## EXERCISE
Please reproduce the lines of the records below from the one holding "Viral Cuci Muka" through the one holding "Figure: Heart disease", inclusive, skipping all pictures.

## DATA FOR THIS EXERCISE
# # #
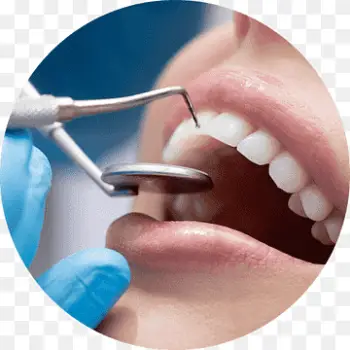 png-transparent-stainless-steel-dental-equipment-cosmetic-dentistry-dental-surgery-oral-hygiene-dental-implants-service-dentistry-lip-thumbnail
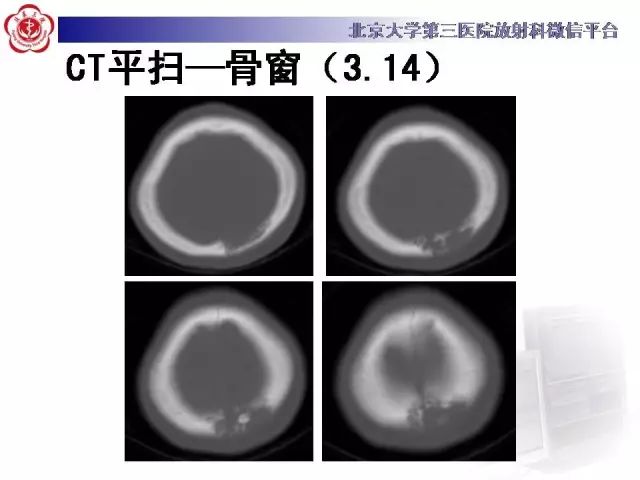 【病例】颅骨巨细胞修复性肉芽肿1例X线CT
# # #
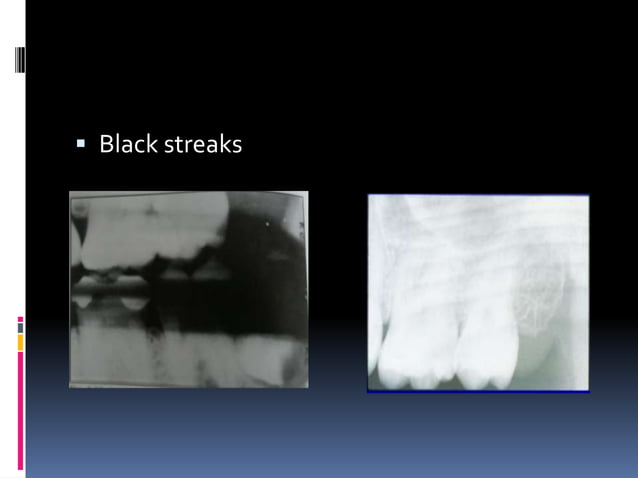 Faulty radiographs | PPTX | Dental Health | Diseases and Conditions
# # #
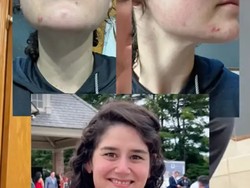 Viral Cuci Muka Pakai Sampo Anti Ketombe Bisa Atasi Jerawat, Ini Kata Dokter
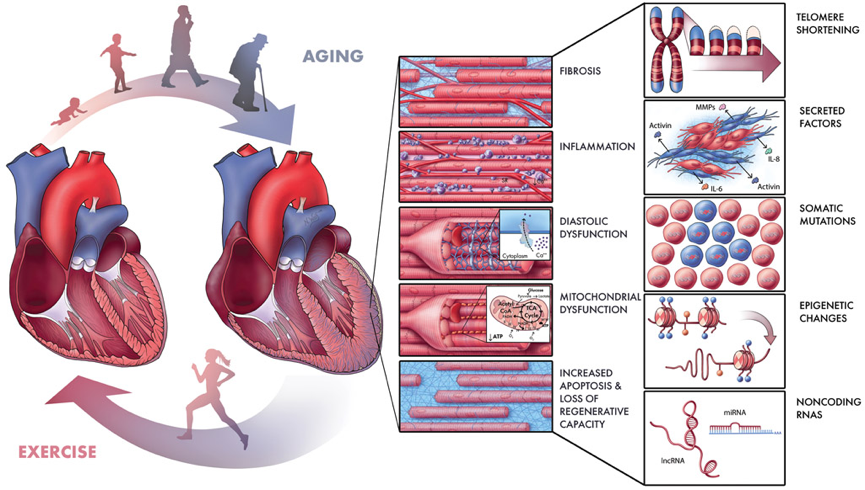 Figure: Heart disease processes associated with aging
# # #
## PROBLEM SOLUTION
 Viral Cuci Muka Pakai Sampo Anti Ketombe Bisa Atasi Jerawat, Ini Kata Dokter
 Figure: Heart disease processes associated with aging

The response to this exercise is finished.